Prayer breakfast not enough for EC
Honourable Folks, it’s just as well that Apostle Dr. Madalitso Mbewe has decided to invite the most powerful in our partisan politics to a Presidential Prayer Breakfast at the New State House in Lilongwe on Tuesday. This animosity, the raw hatred that we are witnessing as we head towards May 18 requires much more than the Constitution and the electoral law to end peacefully.
God’s intervention is what can protect our children from the filth that comes out of the mouths of some of our political leaders who should have been leading by example.
But I doubt that folks at the Electoral Commission who, I understand, have also been invited to the prayers, will get much help from prayers that go with a K7 million ($66,037) sumptuous breakfast. The sheer enormity of the electoral mess they must clear requires prayer and fasting. Otherwise, this year’s general elections will be a fiasco.
Already, there is outcry that despite extending the registration period twice, many centres lacked materials for the greater part of the registration period. My own registration centre is in the City of Blantyre, about three kilometres from the Electoral Commission offices, but I had to go there twice before I could register. Why? There was no film on the first day I went there—which was a day before the deadline of the first extension. Now, if this could happen right in the city, what was the scenario in Chitipa, Nsanje and Phalombe?
Then there are the disturbing reports of irregularities. The opening of a registration centre at the Police Headquarters in Lilongwe was described as illegal by the Chief Elections Officer and legal by Electoral Commission spokesperson. Sheer madness emanating from an institution mandated to ensure free and fair elections!

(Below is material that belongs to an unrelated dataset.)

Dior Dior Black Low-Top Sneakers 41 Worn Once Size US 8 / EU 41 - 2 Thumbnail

Then the allegations that UDF functionaries were collecting names of registered voters and their registration numbers. I first heard about this from an opposition member who monitored the registration exercise in Dwangwa, Nkhotakota. I’m told he faxed to a newspaper the alleged list of names and their registration numbers as collected by the overzealous UDF official.
The Catholic Commission for Justice and Peace, Lilongwe Diocese who reportedly deployed 1,500 monitors in Kasungu, Mchinji, Lilongwe, Salima, Dowa, Nkhotakota and Ntchisi confirmed the malpractice in Dwangwa in a press release. They openly said at Nyavuu Registration Centre, UDF area chairman Kalota sent two people door to door, collecting names and registration numbers within Dwangwa Sugar Factory compound. Again two registration numbers—04584705(94) and 04584706(94)—appear in the statement as an example of what UDF was recording.

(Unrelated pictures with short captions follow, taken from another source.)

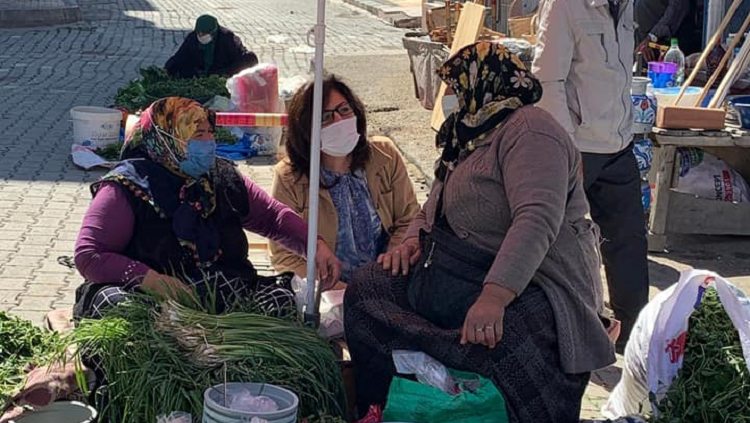 Köylü pazarında istekleri dinledi
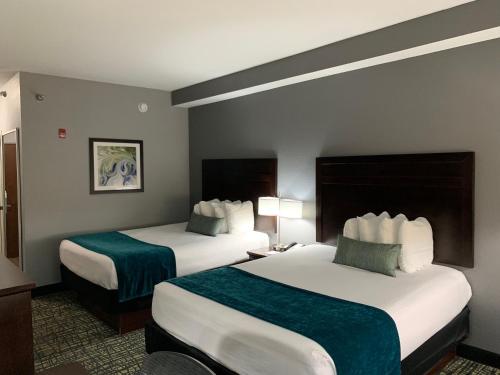 Tempat tidur dalam kamar di Best Western Plus Olive Branch Hotel & Suites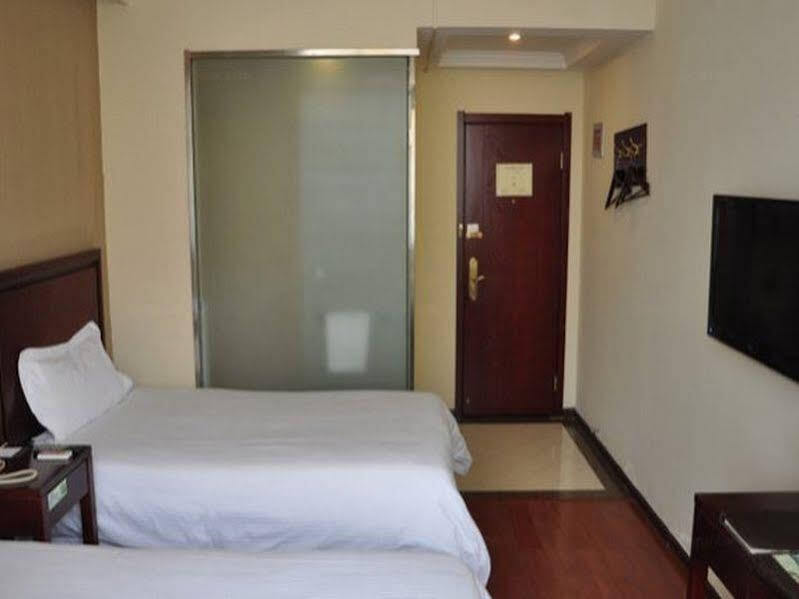 Лоян: GreenTree Inn HeNan LuoYang QingDao Road ShangHai Market Express Hotel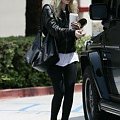 Ashley shopping in Beverly Hills-paparazzi kwiecień 2007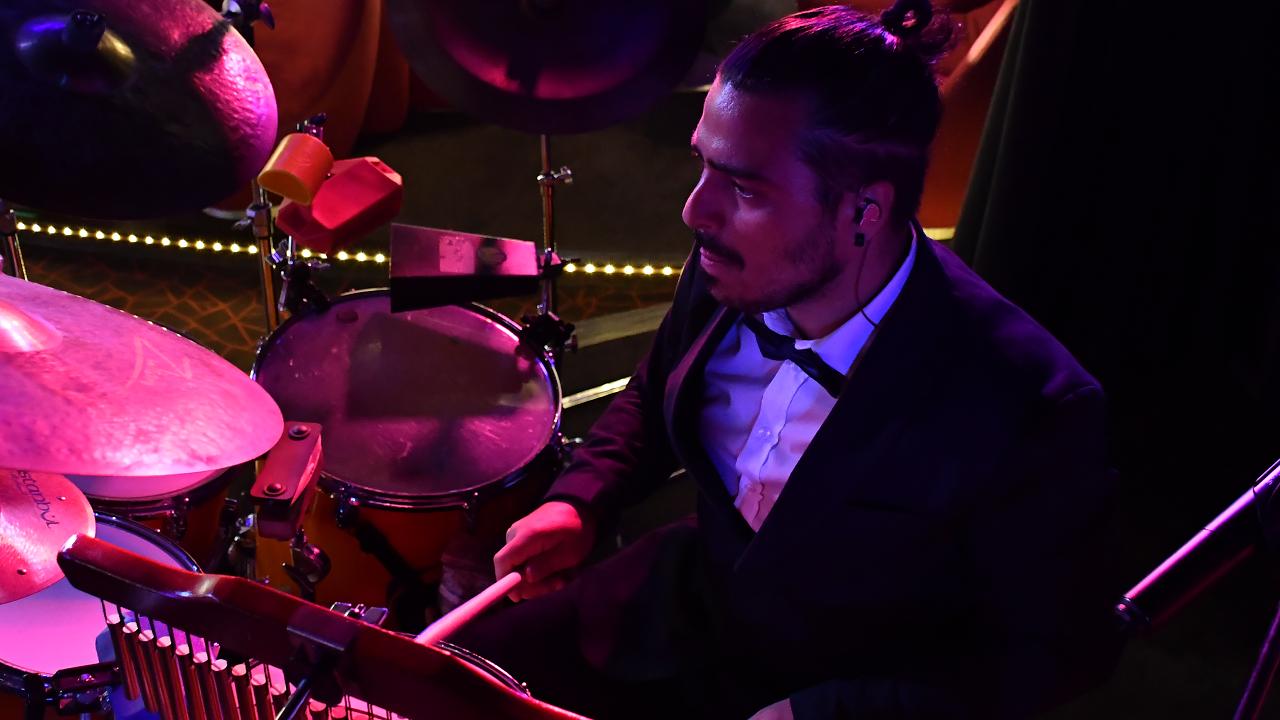 EYELIGHTS PARTY BAND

In Lilongwe and Kasungu similar incidents were also reported. Now, we all know that voters will choose their President and MPs on May 18 and not before. We also know that registration certificates are not coupons for starter pack but used for voting. Why then should UDF record registration numbers?
The Electoral Commission should’ve taken keen interest in these developments, either stopping UDF from indulging in what appears to be daylight rigging or explaining to the electorate why all this is no cause for concern. Instead, the Electoral Commission is simply looking the other way, behaving as if everything is normal.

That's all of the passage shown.